Lenya was also born with asthma, which is neither cause for much concern or abnormal (some 6 million kids around the United States have asthma).

Almost in tandem with Lenya, Fresh Life Church grew. Those 14 people grew into 100 people in three months, and by the end of the first year the church outgrew the bar and bought a new space to hold the more than 400 people attending the church.

Today, Fresh Life has campuses in Kalispell, Whitefish, Billings, Missoula, Bozeman (near Yellowstone National Park), Polson and Helena, Montana, in addition to an out-of-state campus in Salt Lake City, Utah.

***

A week and a half after Lenya’s death, Lusko preached Fresh Life’s Christmas service.
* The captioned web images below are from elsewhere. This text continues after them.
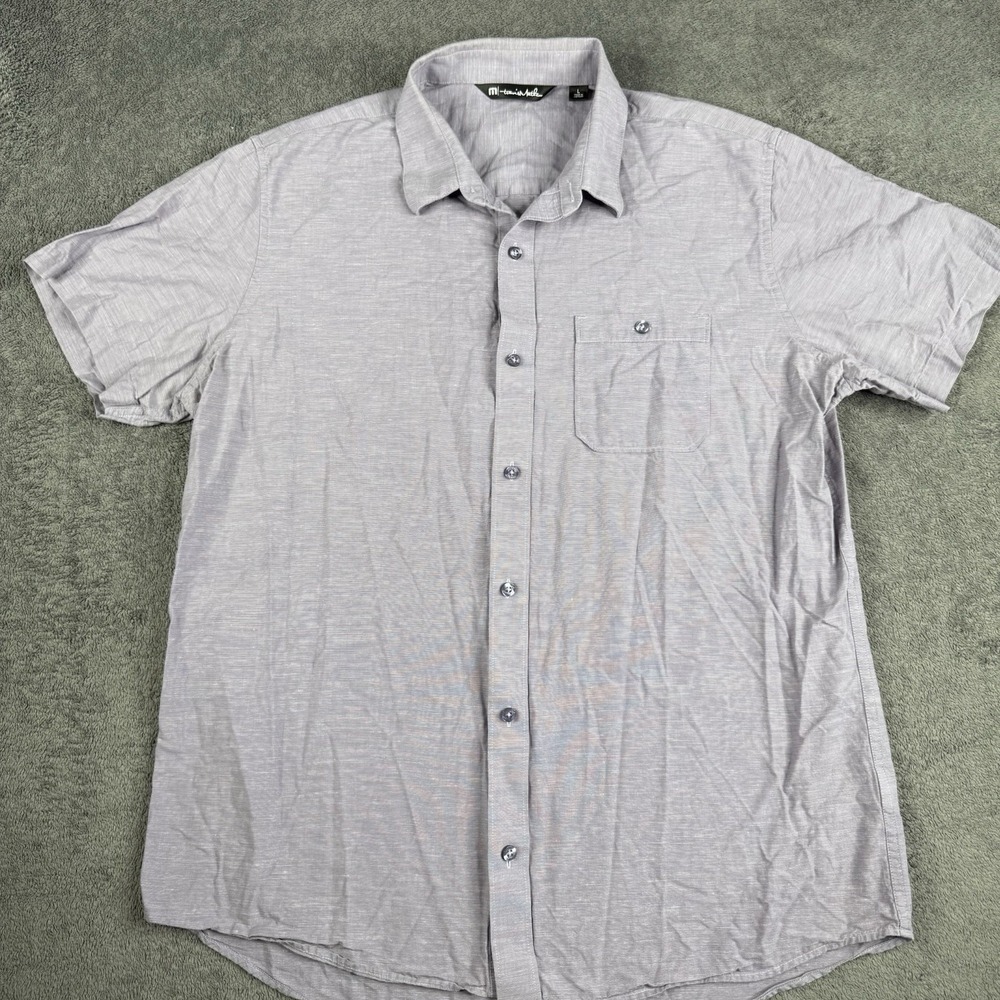 Travis Mathew Shirt Adult Large Gray Button Up Short Sleeve Golfing Casual Men's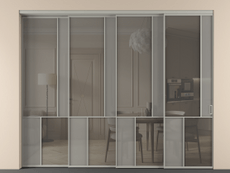 Перегородка Mosaic внутри проёма 4 створки с синхронным механизмом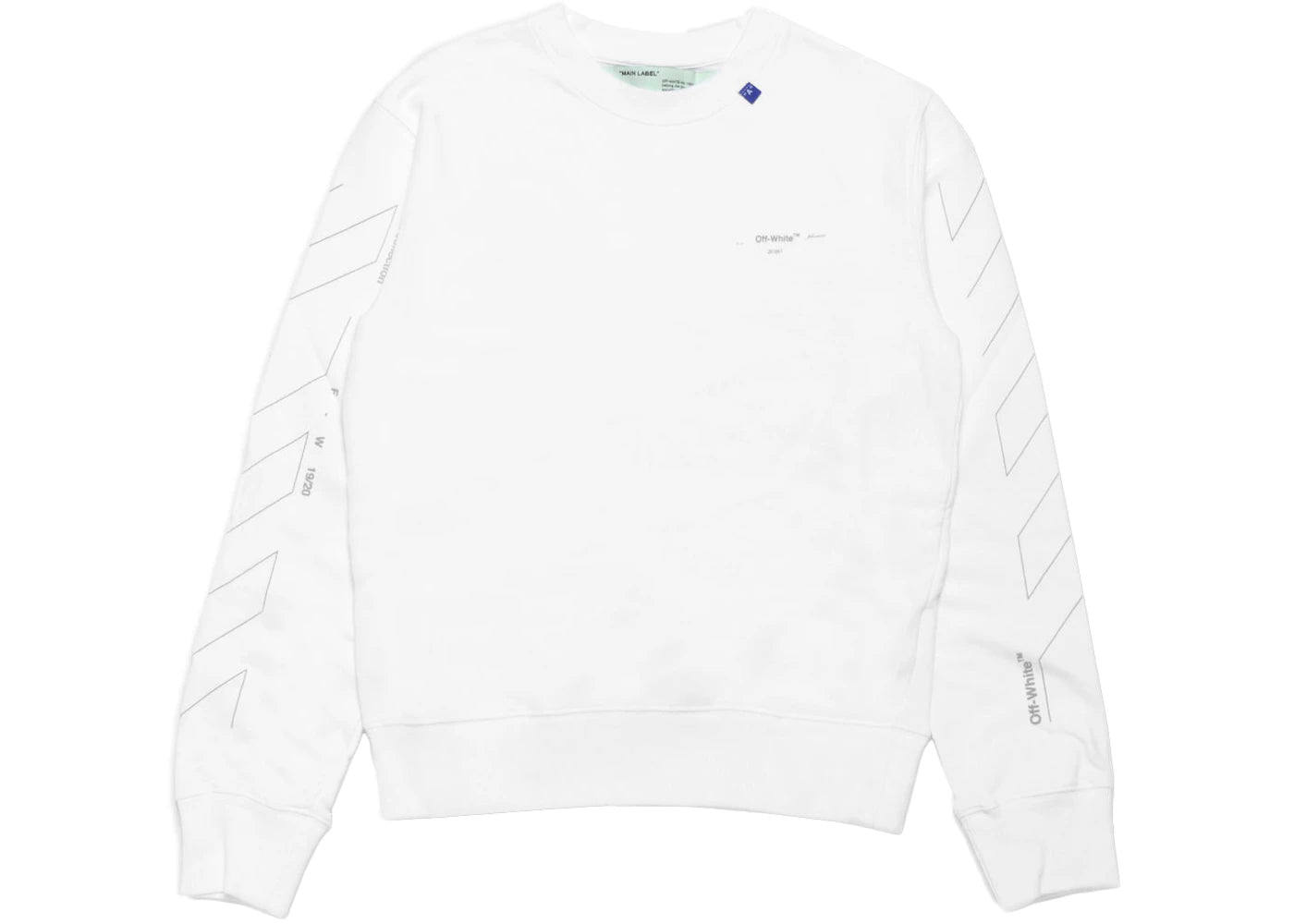 OFF-WHITE Unfinished Diag Sweatshirt White/Silver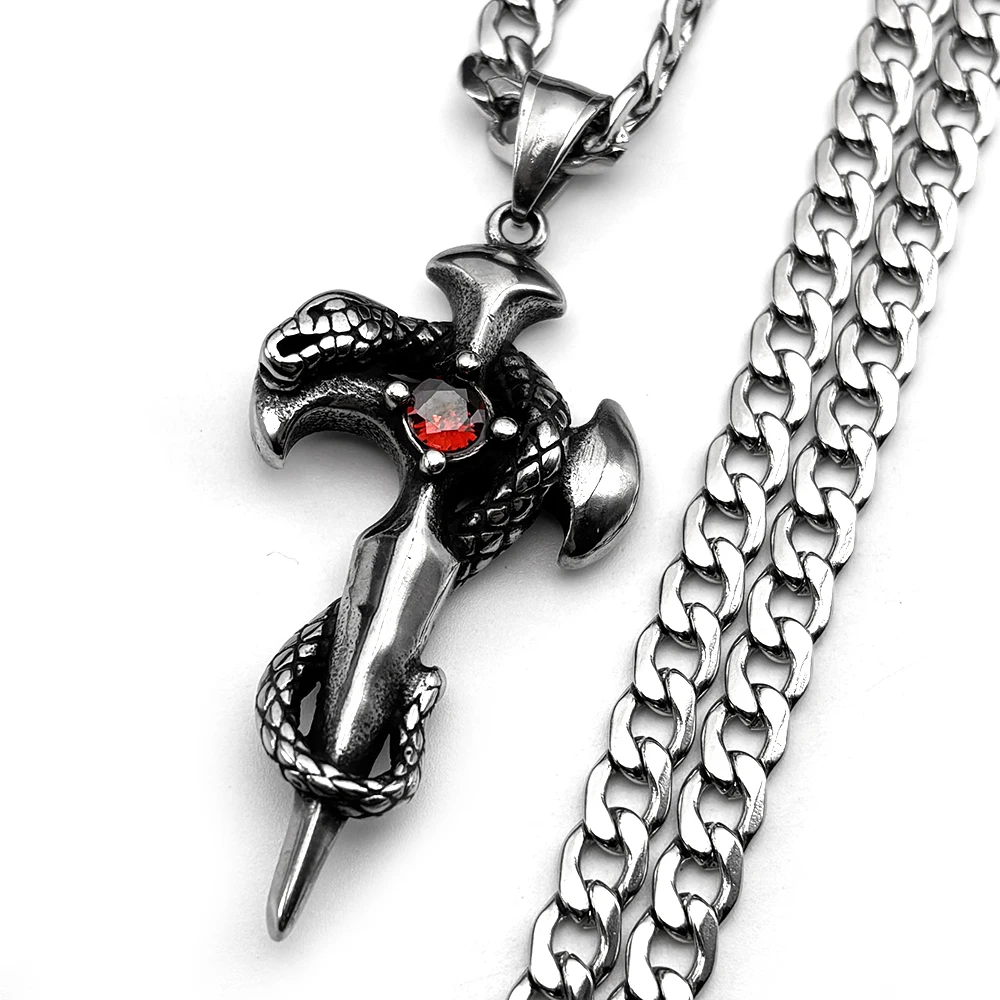 

Gothic Punk Sword Red Stone Snake Cross Pendant Necklace for Women Men Stainless Steel Silver Color Vintage Cuban Chain Jewelry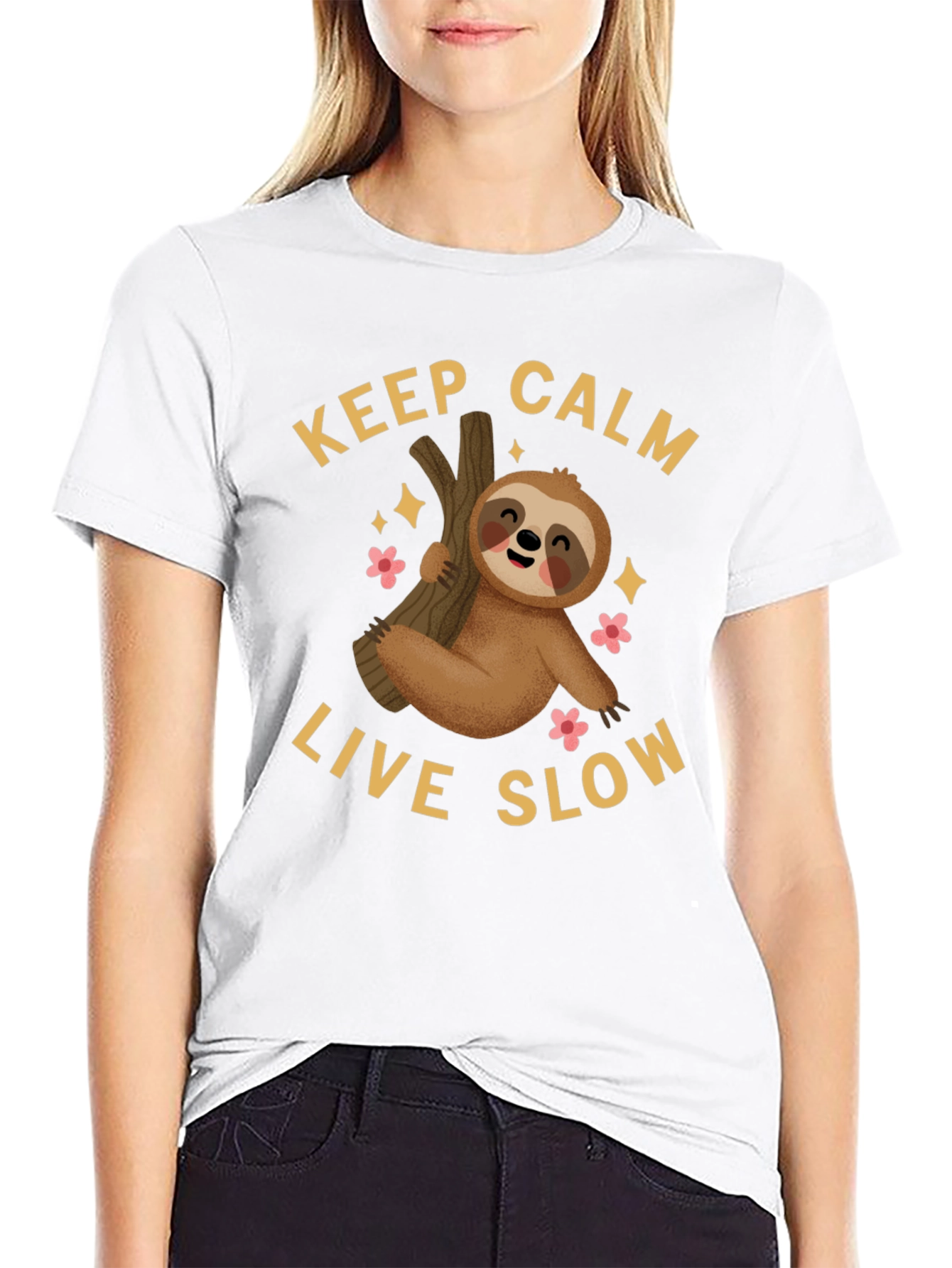 Black Keep Calm Live Slow Sloth Graphic Tee view 9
At the service, three people decided to follow Christ—two paramedics and a respiratory therapist, all three of whom were at the hospital when Lusko lost his daughter.

Through this, Lusko said he and his wife began to sense God had some purpose—however faint—not to waste their loss.

Lusko says, “Even in the midst of the horrors, there were glimpses of beauty, glimpses of knowing God’s going to use this in a ‘When does faith work if not in the fire?’ way.”

Lusko says the loss of Lenya made “tangible what I’ve heard my whole life: that we have an anchor for the soul. It’s one thing to preach that in the sunshine, but you find out what you really believe when pressure is applied.”

He now sees grief as an opportunity to comprehend what God teaches through the suffering itself. Grief and loss, he says, have the power of doing evil or good.

“It’ll either smash you against the rocks, or you will stand on the rocks and be who God’s called you to be through the pain,” he says.

In many respects, Lusko thinks his life and ministry prepared him for this tragedy.

“We’ve not felt destroyed by it; we’ve felt deepened by it,” he says. “We feel honored, privileged that God would allow us to suffer. We felt like he trusted us with this trial, and there was a sense from the beginning that God didn’t grace us with the pain, but He graced us with the power to go through it.” 

As he continued to process his loss, Lusko found little to no help in books. Nothing he read, he says, gave him answers or helped him sense “God’s future justice over sin, sorrow and the brokenness of the world.”

Every resource he came across seemed to “point grieving people back to the grief.”

What Lusko knows now, and what he wants others to know, is that grief is normal and good and hope exists. Lusko wrote his own book, both to process his loss for himself and to help other people face grief and move on from it. That writing took the form of a memoir called Through the Eyes of a Lion.

“I was trying to be as open as possible so God can use the pain, but it’s not pretty; it’s a mess,” he says. “Hurting with hope still hurts.”

***

Through the Eyes of a Lion doesn’t only reference Lenya’s name. After her death, the Luskos agreed to donate her organs.

Later, doctors told the Luskos Lenya’s eyes were transplanted to two elderly blind people, allowing both to see for the first time. This served as another reminder to the Luskos of God’s purposes in loss and tragedy.

But the point isn’t that every story has a happy ending. Lusko would be the last person to tell you that.

“The Bible talks about the peace that surpasses understanding and I really believe God gives you peace like that, but He doesn’t give it to you before you need it,” he says. “He gives you only what you need to get through what you’re going through in the moment.”

Living in the face of devastating loss isn’t about blind optimism or avoiding pain and grief. For Lusko, it’s about facing life—including potential loss—head-on, trusting God to provide both in seasons of gift wrap and funeral plans.

“The worst thing you can do is to turn your back on the waves.”